Acid production in dental plaque after exposure to probiotic bacteria

Mette K Keller, Svante Twetman, Mette K Keller, Svante Twetman

Abstract

Background: The increasing interest in probiotic lactobacilli in health maintenance has raised the question of potential risks. One possible side effect could be an increased acidogenicity in dental plaque. The aim of this study was to investigate the effect of probiotic lactobacilli on plaque lactic acid (LA) production in vitro and in vivo.

Methods: In the first part (A), suspensions of two lactobacilli strains (L. reuteri DSM 17938, L. plantarum 299v) were added to suspensions of supragingival dental plaque collected from healthy young adults (n=25). LA production after fermentation with either xylitol or fructose was analyzed. In the second part (B), subjects (n=18) were given lozenges with probiotic lactobacilli (L. reuteri DSM 17938 and ATCC PTA 5289) or placebo for two weeks in a double-blinded, randomized cross-over trial. The concentration of LA in supragingival plaque samples was determined at baseline and after 2 weeks. Salivary counts of mutans streptococci (MS) and lactobacilli were estimated with chair-side methods.
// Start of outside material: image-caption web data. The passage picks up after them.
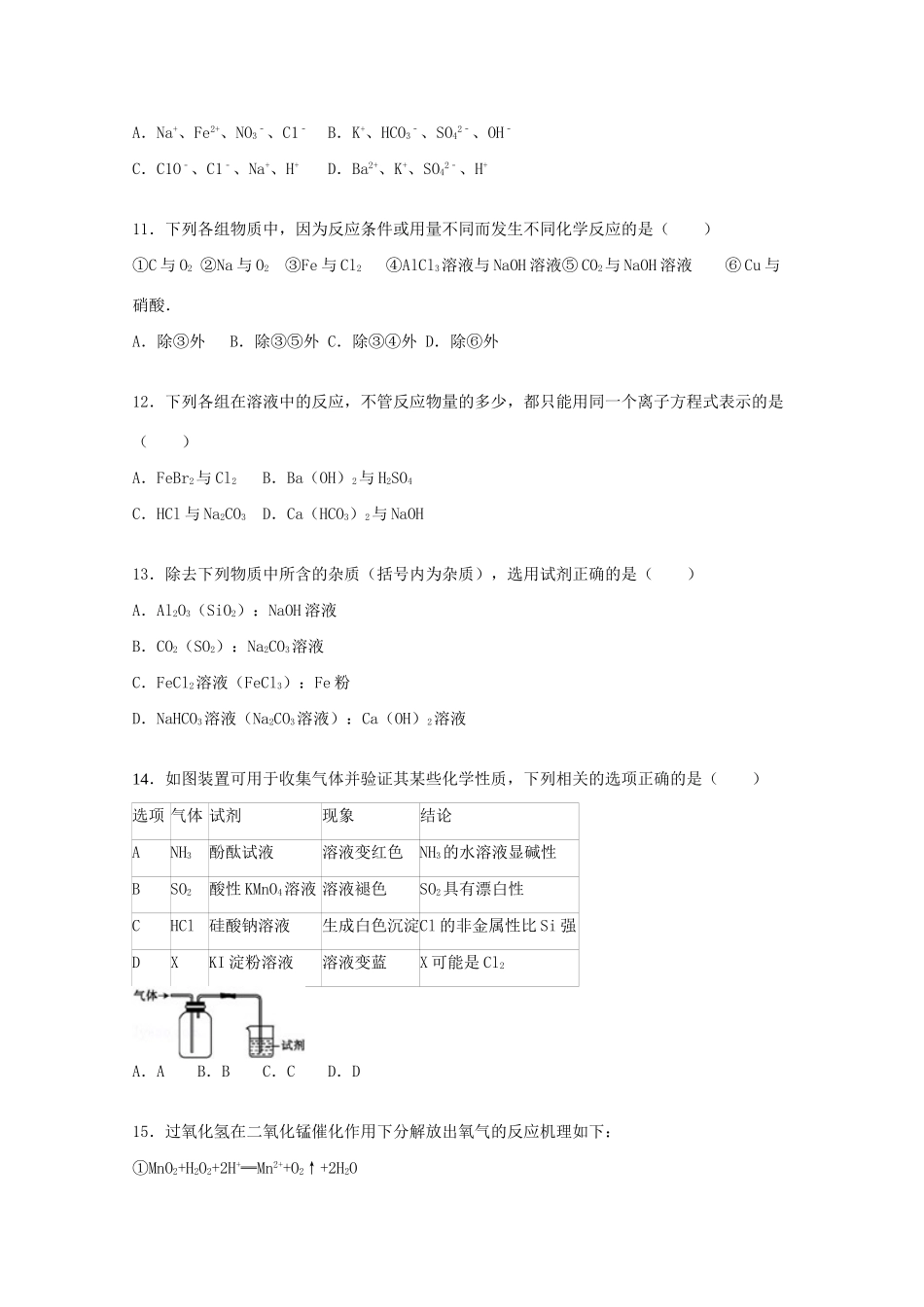 霞浦七中周宁十中联考高三化学上学期期中试题（含解析）-人教版高三化学试题_第3页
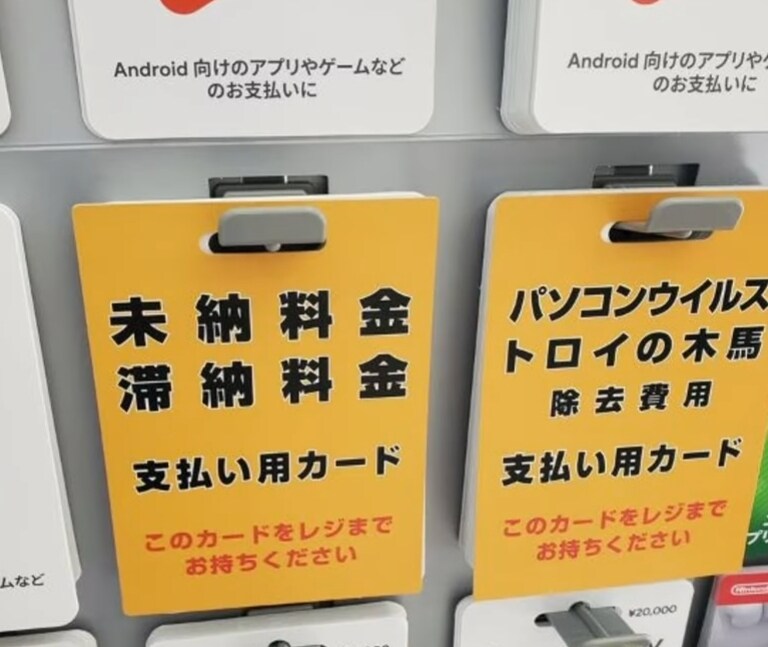 일본 편의점에서 판다는 신기한 카드 수준. jpg_1.jpg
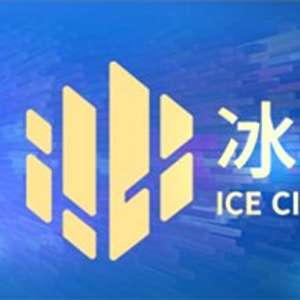 哈尔滨新闻爆料电话号码,市民举报渠道再升级 第3张 哈尔滨新闻爆料电话号码,市民举报渠道再升级 第3张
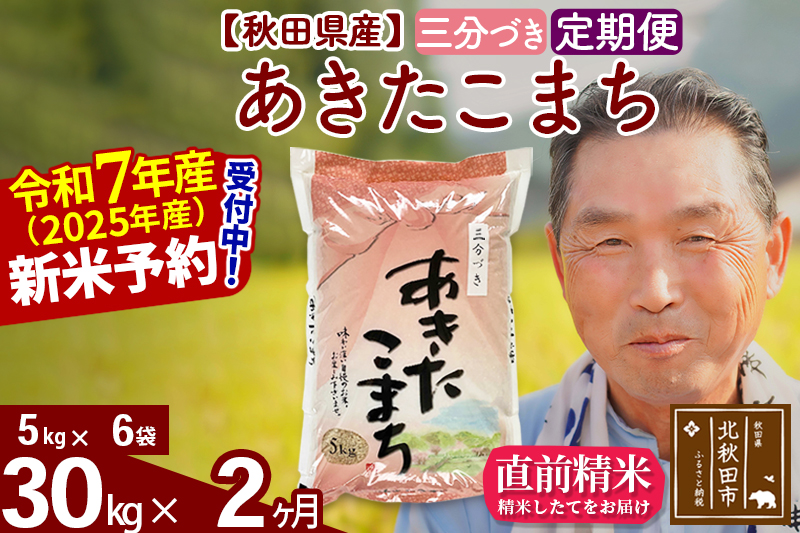 ※令和7年産 新米予約※《定期便2ヶ月》秋田県産 あきたこまち 30kg【3分づき】(5kg小分け袋) 2025年産 お届け時期選べる お届け周期調整可能 隔月に調整OK お米 おおもり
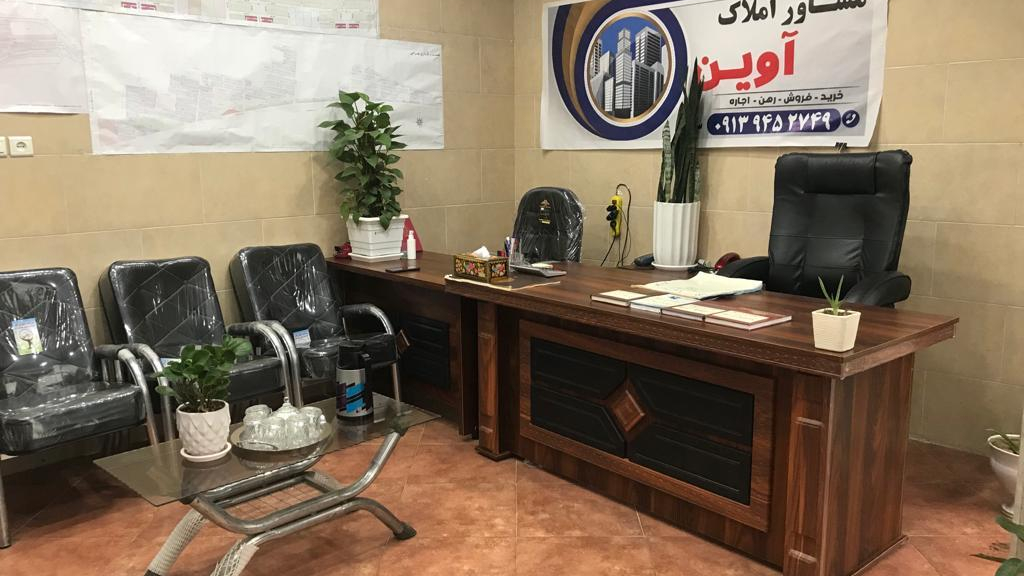 مشاور املاک آوین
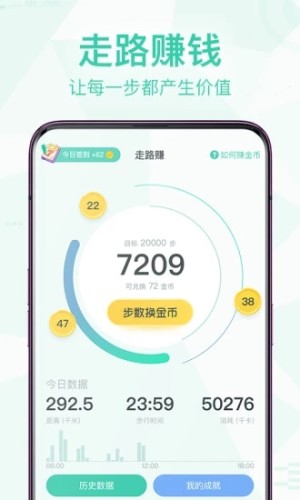 每天走步官方手机版图片1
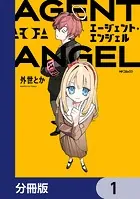 エージェント・エンジェル【分冊版】（単話）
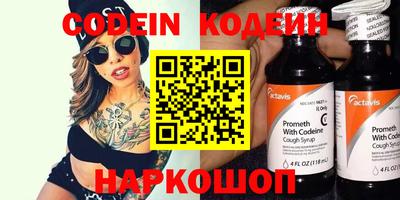 мескалин Кунгур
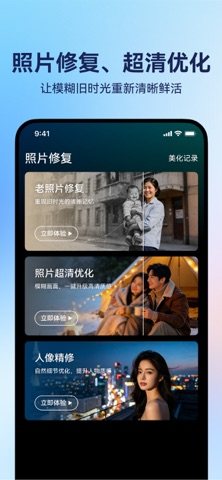 Win解压缩 软件截图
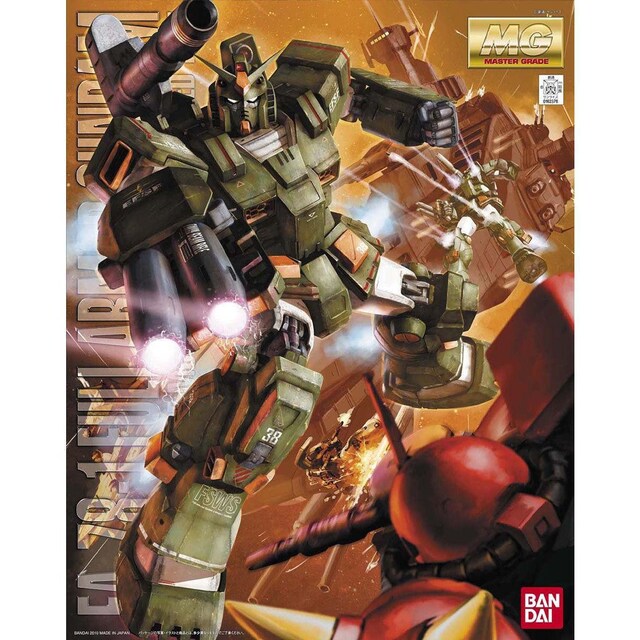 MG 1/100 tA[}[K_ 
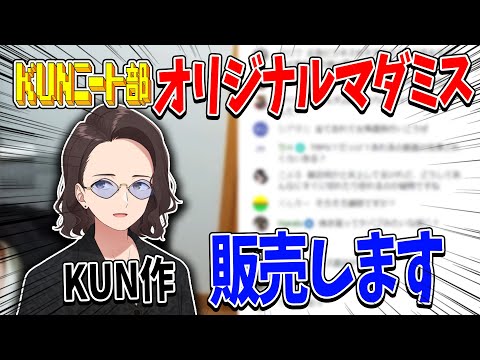 KUN作のニート部がテーマのオリジナルマダミスを販売します！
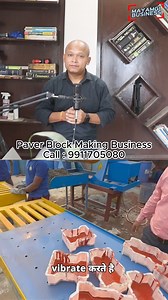 349K views · 6.2K reactions | Paver Block/Brick Making Business in Manipur | Earn 2000-3000 Daily | Sanatomba Khoisnam | Mayamgi Business | Facebook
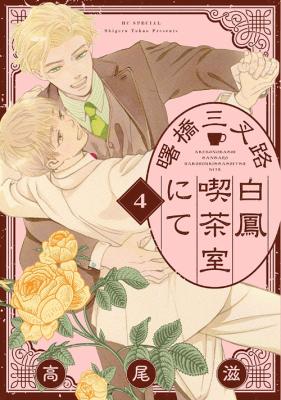 Reading Manga Akebonobashi Sansaro Hakuhou Kissashitsu nite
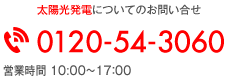 ☎0120-54-3060（営業時間 AM9:00～PM6：00）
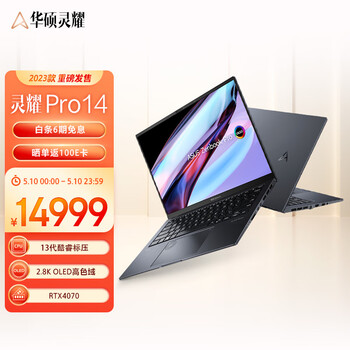 华硕灵耀Pro14 2023 14.5英寸13代标压英特尔2.8K 120Hz OLED高性能笔记本电脑(i9-13900H 32G 1T RTX4070)黑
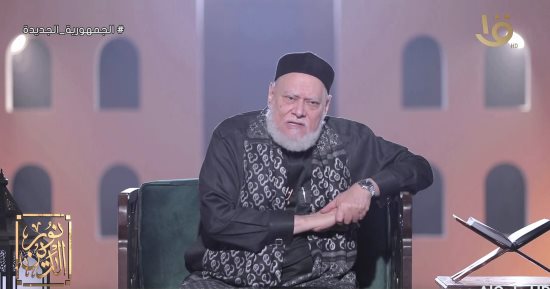 طفل يسأل: ليه النساء أكثر أهل النار؟.. علي جمعة يجيب عبر برنامج "نور الدين"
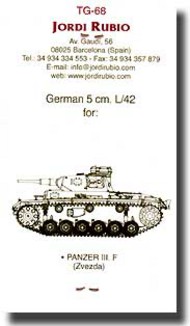 German 5cm KwK L/42 Barrel #JRU68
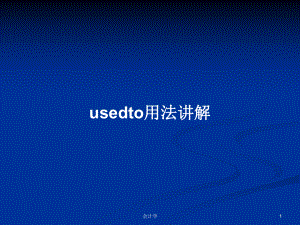 usedto用法讲解教案学习课件.pptx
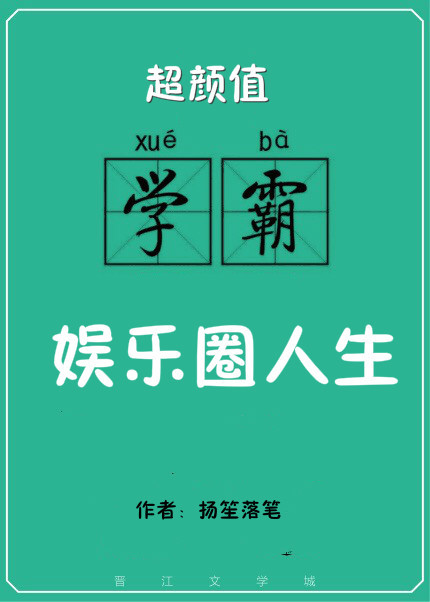 高颜值学霸的娱乐圈人生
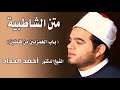 باب الهمزتين من كلمتين Sheikh Ahmed Elhadad 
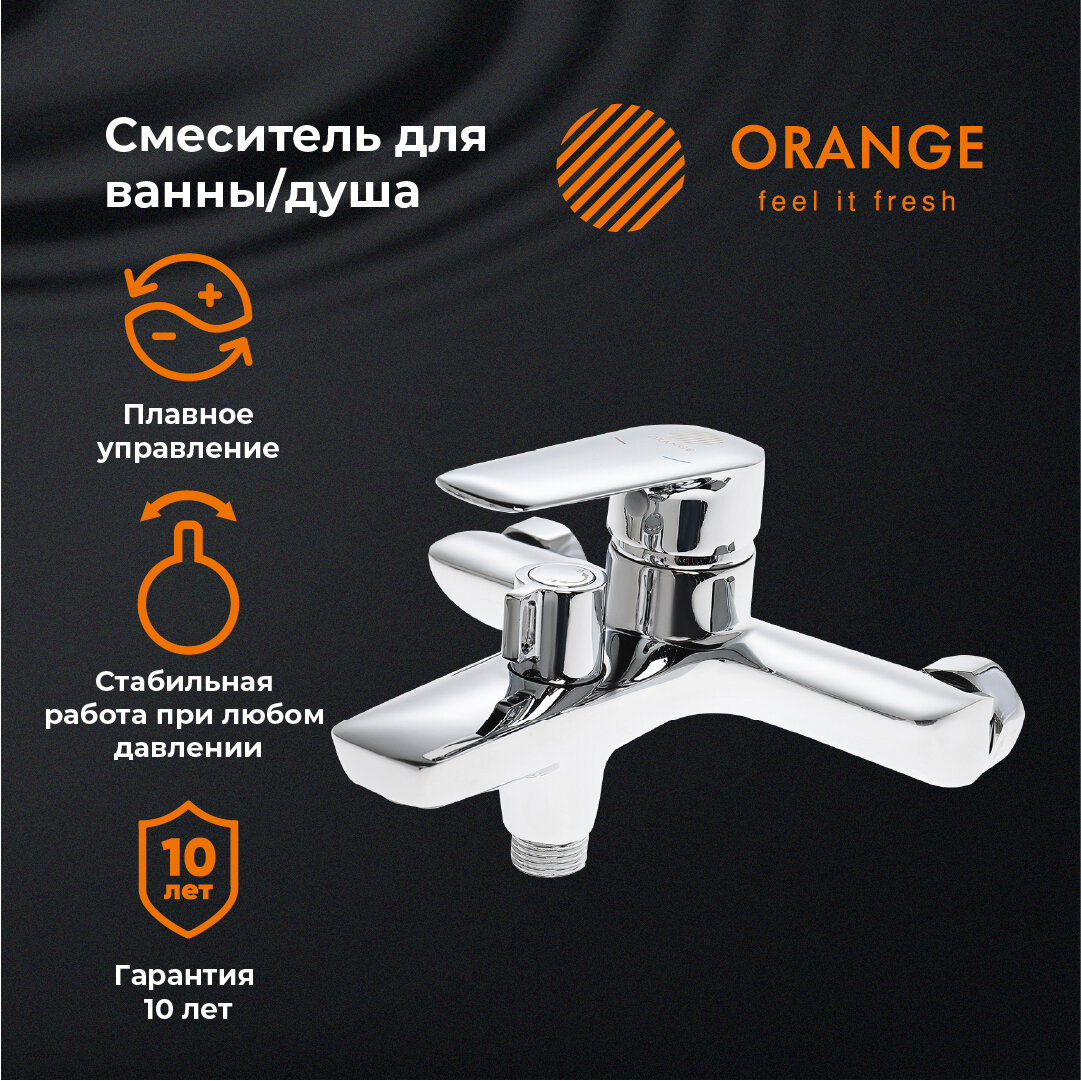 Смеситель для ванны/душа Orange Sofi 2.0 M46-100cr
Results: Plaque suspensions with L. reuteri DSM 17938 produced significantly less LA compared with L. plantarum 299v or controls (p<0.05). Fructose gave higher LA concentrations than xylitol. In part B, there were no significant differences in LA production between baseline and follow up in any of the groups and no differences between test and placebo were displayed. The salivary MS counts were not significantly altered during the intervention but the lactobacilli counts increased significantly in the test group (p<0.05).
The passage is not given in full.